Discovery not completing for large numbers of participants publishing and subscribing same topic

4 posts / 0 new
Last post
Offline
Last seen: 6 years 4 months ago
Joined: 01/27/2014
Posts: 2
Discovery not completing for large numbers of participants publishing and subscribing same topic

I'm relatively new to DDS; so, I apologize ahead of time for using any incorrect terminology, but would appreciate any thoughts concerning an issue I am having...

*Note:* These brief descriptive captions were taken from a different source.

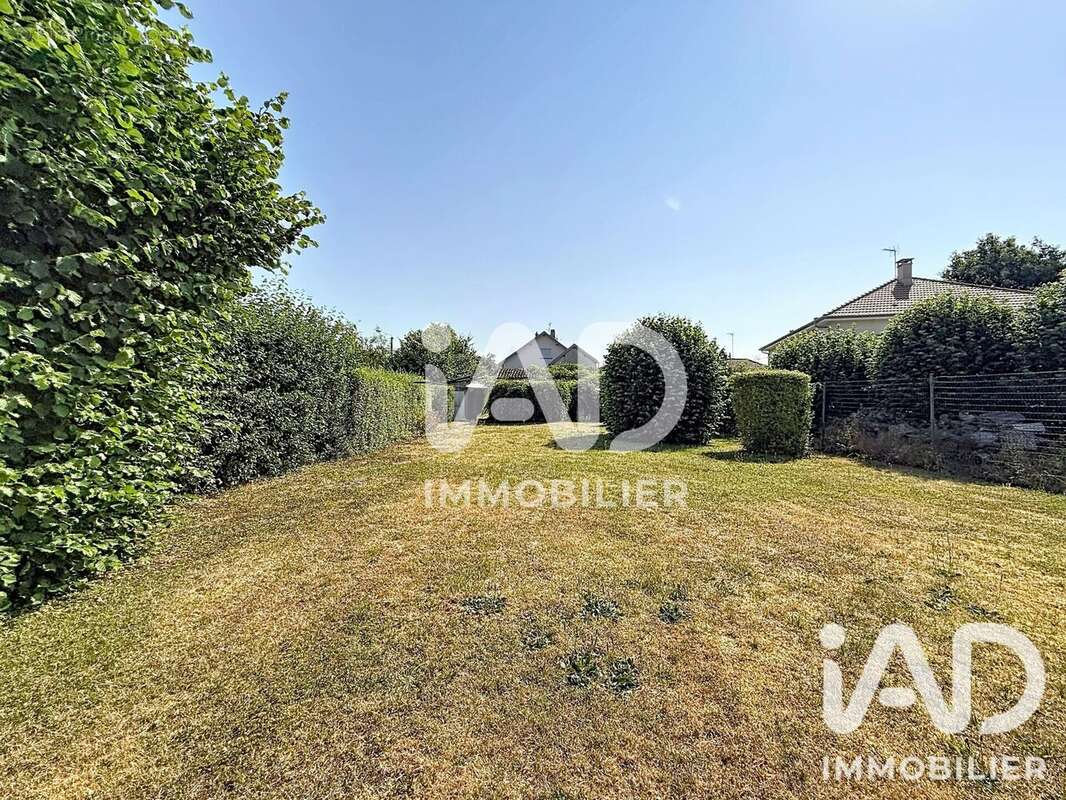 Photo 6 - Maison à THIERVILLE-SUR-MEUSE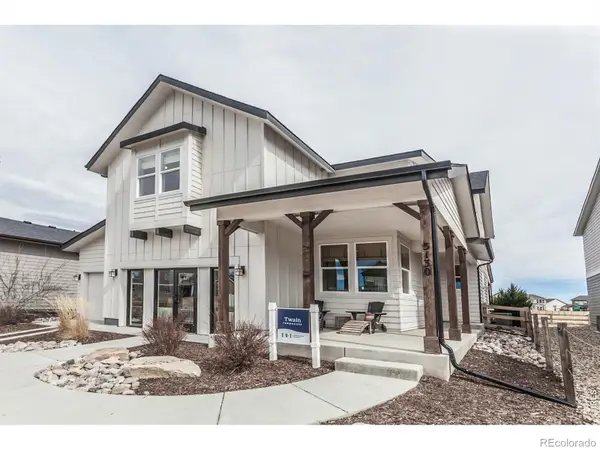 5130 Beckworth Street, Timnath, CO 80547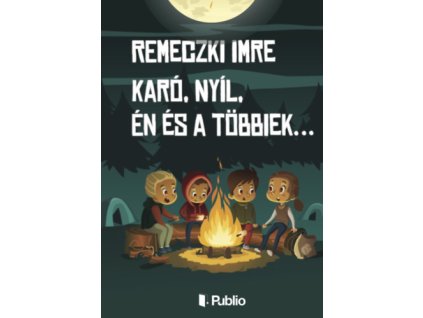 Karó, Nyíl, Én és a többiek...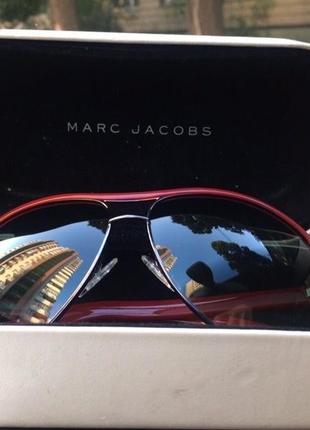 Очки marc jacobs4 фото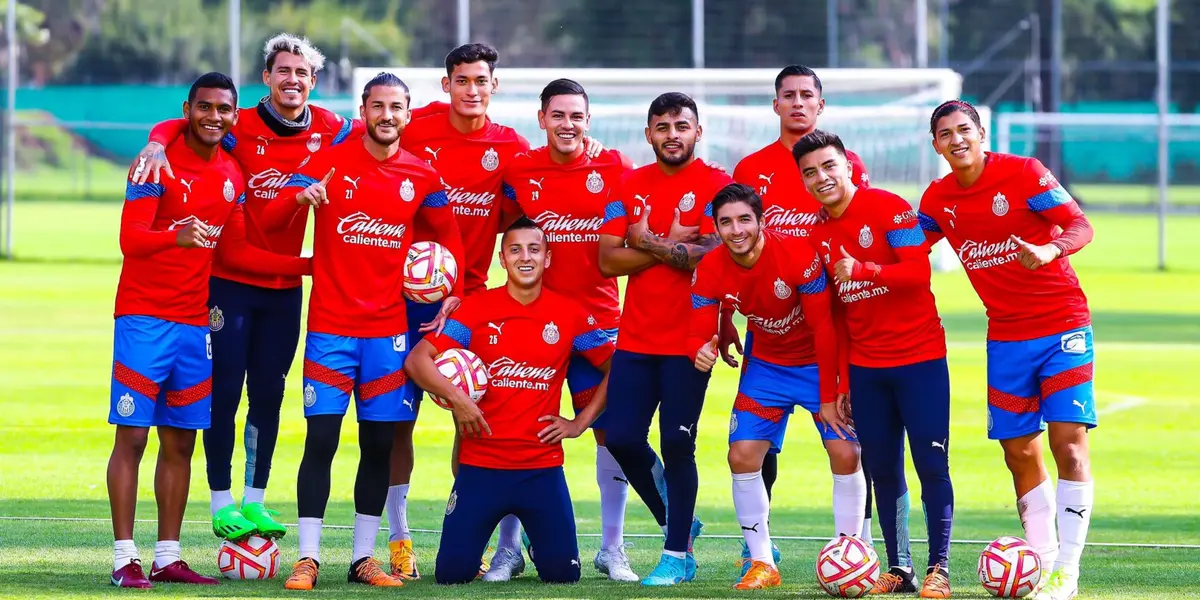 El delantero rompió varias marcas del mismísimo Javier "Chicharito" Hernández.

I have a set of participants (73 of them) that are publishing and subscribing to the same topic. At the very start of execution, all 73 attempt to publish a sample on this topic, but a few of the participants are hanging waiting on the readers to pair up with the writer (as reported by get_publication_matched_status). I have logic in the code that will wait for the total number of readers to come on-line, but for a handfull of participants, this never seems to occur. I have used the RTIAnalyzer to perform match analysis, and it indicates that I have 73 readers and 73 writers, but from the participants point of view, this doesn't seem to be the case. I have observed that in some case there will be a group of say 5 participants that are hung. In this case, 1 will be waiting on 4 more to come on-line, and the other 4 are waiting for 1 each to come on line; so, it sort of looks like some sort of race condition where 4 are waiting on the 1 and the 1 is waiting on the 4. I've tried adding various sleeps and waits, but to no avail. Any suggestions or ideas would be much appreciated.

Thanks,

Tony

 

rip
rip's picture
Offline
Last seen: 10 hours 27 min ago
Joined: 04/06/2012
Posts: 321

Hi Tony,

Can you describe the topology of the graph?  How many systems, how many applications, how many participants?

Regards,

Rip

Offline
Last seen: 6 years 4 months ago
Joined: 01/27/2014
Posts: 2

The 73 applications are spread across 12 dual-quad-core machines. If I understand the terminology, each application is a separate participant. Each of the applications both subscribes and publishes the topic I mentioned. Also, we are running with DDS_RELIABLE_RELIABILITY_QOS and I have made attempts to adjust some of the heartbeat settings, but that didn't seem to help.

Thanks,

Tony

Offline
Last seen: 2 months 1 week ago
Joined: 05/23/2013
Posts: 49

Hi Tony,

Can you please update your initial peer lists like following in your XML file? Of course, you need to replace the IP addresses with your own machines. It increases the participant ID limit to 10 for a machine in this example because I guess you may run more than 4 (default number) participants in the same machine. 

<participant_qos> 
   <initial_peers>
      10@builtin.udpv4://127.0.0.1
      10@builtin.udpv4://192.168.1.10
      10@builtin.udpv4://192.168.1.11
      10@builtin.udpv4://192.168.1.12
   </initial_peers>
</participant_qos>